Vu d’Egypte, le modèle de gouvernance de HTS pourrait encourager des groupes similaires ou au moins raviver les activités des Frères musulmans. « Après la chute du régime, l’Egypte s’est inquiétée de la possibilité que la Syrie devienne un terrain fertile pour des groupes terroristes qui pourraient relancer leurs activités sur le sol égyptien », observe Ahmed Megahed Al-Zayaat, expert en sécurité régionale. Zayaat estime que la présence d’un nombre significatif de Non-Syriens au sein de l’administration actuelle suscite également des inquiétudes. « La question se pose de savoir si ces factions resteront en Syrie ou chercheront à exporter leur modèle dans d’autres pays », souligne-t-il.
« L’Egypte s’inquiète de la possibilité de la réinstallation de groupes terroristes dans d’autres régions, telles que la Libye ou le Soudan, le long de ses frontières. En outre, il y a une appréhension concernant la possibilité de soutenir les Frères musulmans en Egypte ou de réorganiser le groupe en Syrie ou dans les pays voisins, en particulier avec les rapports de terroristes se voyant accorder la citoyenneté syrienne », explique une autre source.
La position du Caire consiste à observer avec prudence la nouvelle administration, en attendant de voir si le régime change son idéologie sous la pression internationale ou tente d’améliorer son image pour obtenir le soutien international. « Plus nous attendons, nous aurons une meilleure compréhension de leurs plans, de leurs idées et de leurs actions », a ajouté l’une des sources.
« Nous devons attendre de voir le vrai visage de l’administration syrienne dans les mois à venir.

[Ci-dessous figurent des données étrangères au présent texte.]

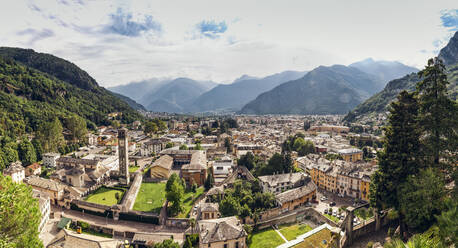 Stadtbild im Valchiavenna-Tal gegen den Himmel, Chiavenna, Provinz Sondrio, Lombardei, Italien - MAMF01531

Va-t-elle changer ses politiques pour coexister, puisque Ahmed Al-Chareh est passé du statut de terroriste à un homme d’Etat, ou va-t-elle continuer à parrainer des organisations terroristes ? », a ajouté Zayaat.
Néanmoins, un canal officiel a été ouvert à haut niveau à la suite de l’appel téléphonique entre les deux ministres des Affaires étrangères. « Le début d’une communication renouvelée », déclare une source, soulignant la déclaration du ministère égyptien qui comprenait « une confirmation de la poursuite des consultations dans la phase à venir ».
« Cela ne signifie pas cependant que nous nous précipitons ou que nous nous dirigeons hâtivement vers une ouverture complète. Nous suivons toujours de près certaines questions qui suscitent des inquiétudes ». Pour l’instant, aucune visite de responsables égyptiens n’est encore prevue.